Frontera’s Chief Executive Officer (CEO), Orlando Cabrales said his company cannot comment on CGX plans. “As we said, I mean, the joint venture remains committed to completing the well… But it’s difficult for us to make any comment on CGX’s plans.”

He also explained that the increase in cost for Wei-1 includes the delays associated with the late arrival of the rig and costs associated with fishing and sidetrack operations.

To date, Cabrales said the well located approximately 14 kilometers northwest of the Kawa-1 light oil and condensate discovery, has been successfully drilled to a depth of 19,142 feet. He said the partners anticipate reaching a total depth of 20,500 feet within the original 4-5 month timeframe, as announced on January 23, 2023.

Plagued by years of financial difficulties, CGX has been hard-pressed to relinquish not only the Demerara and the Berbice blocks but even controlling interest in the Corentyne Block to Frontera. CGX’s stake in the Corentyne block has reduced to 32% while Frontera Energy owns 68%.

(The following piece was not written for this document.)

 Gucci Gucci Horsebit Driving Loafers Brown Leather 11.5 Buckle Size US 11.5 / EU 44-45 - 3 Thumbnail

With its current stake, CGX will have to find approximately US$11 to US$15 million, according to its latest financial report. That document also notes that CGX is currently assessing strategies to fulfill this obligation.

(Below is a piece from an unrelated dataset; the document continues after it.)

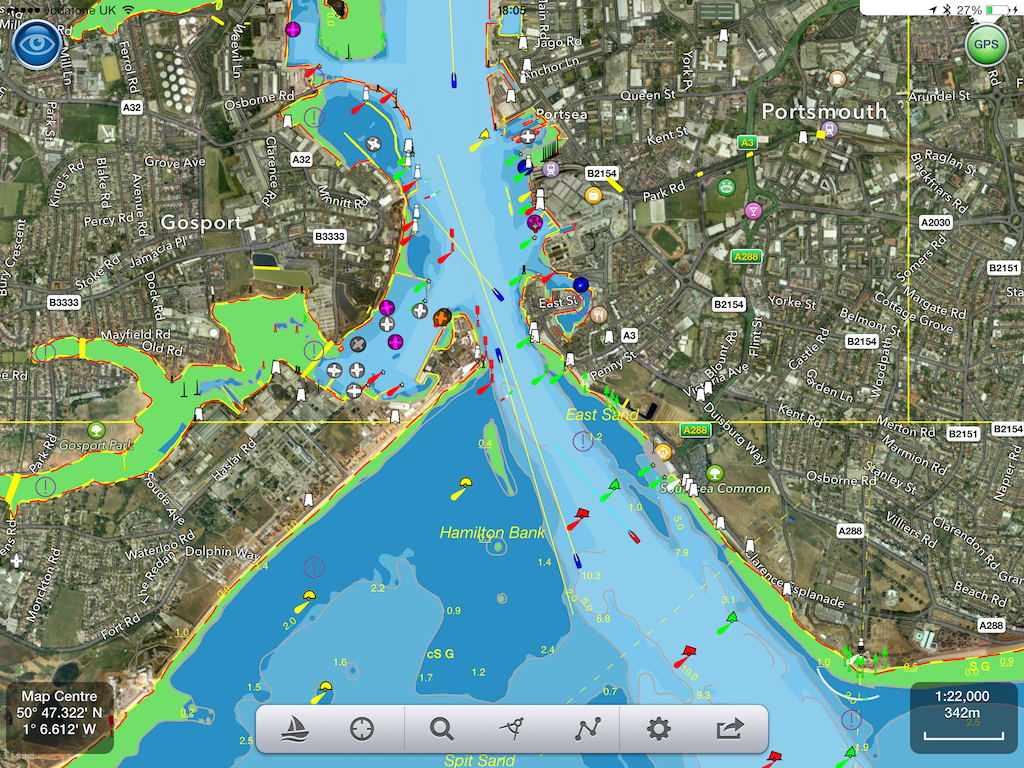 Marine Chart Portsmouth Harbour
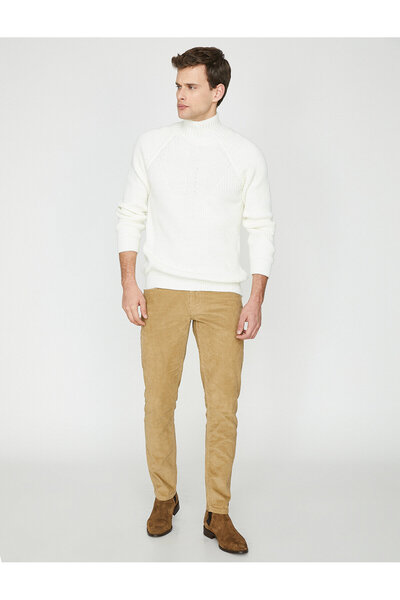 Koton بنطال إكرو للرجال 9KAM49061BW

As of March 31, 2023, the report states that CGX had accumulated a deficit of US$320,817,166.  It also notes that the company currently has no revenues, as such, its ability to ensure continuing operations relates to its aptitude to obtain the financing necessary to complete the exploration and development of oil and gas concessions and the completion of its Berbice Deep Water Port project.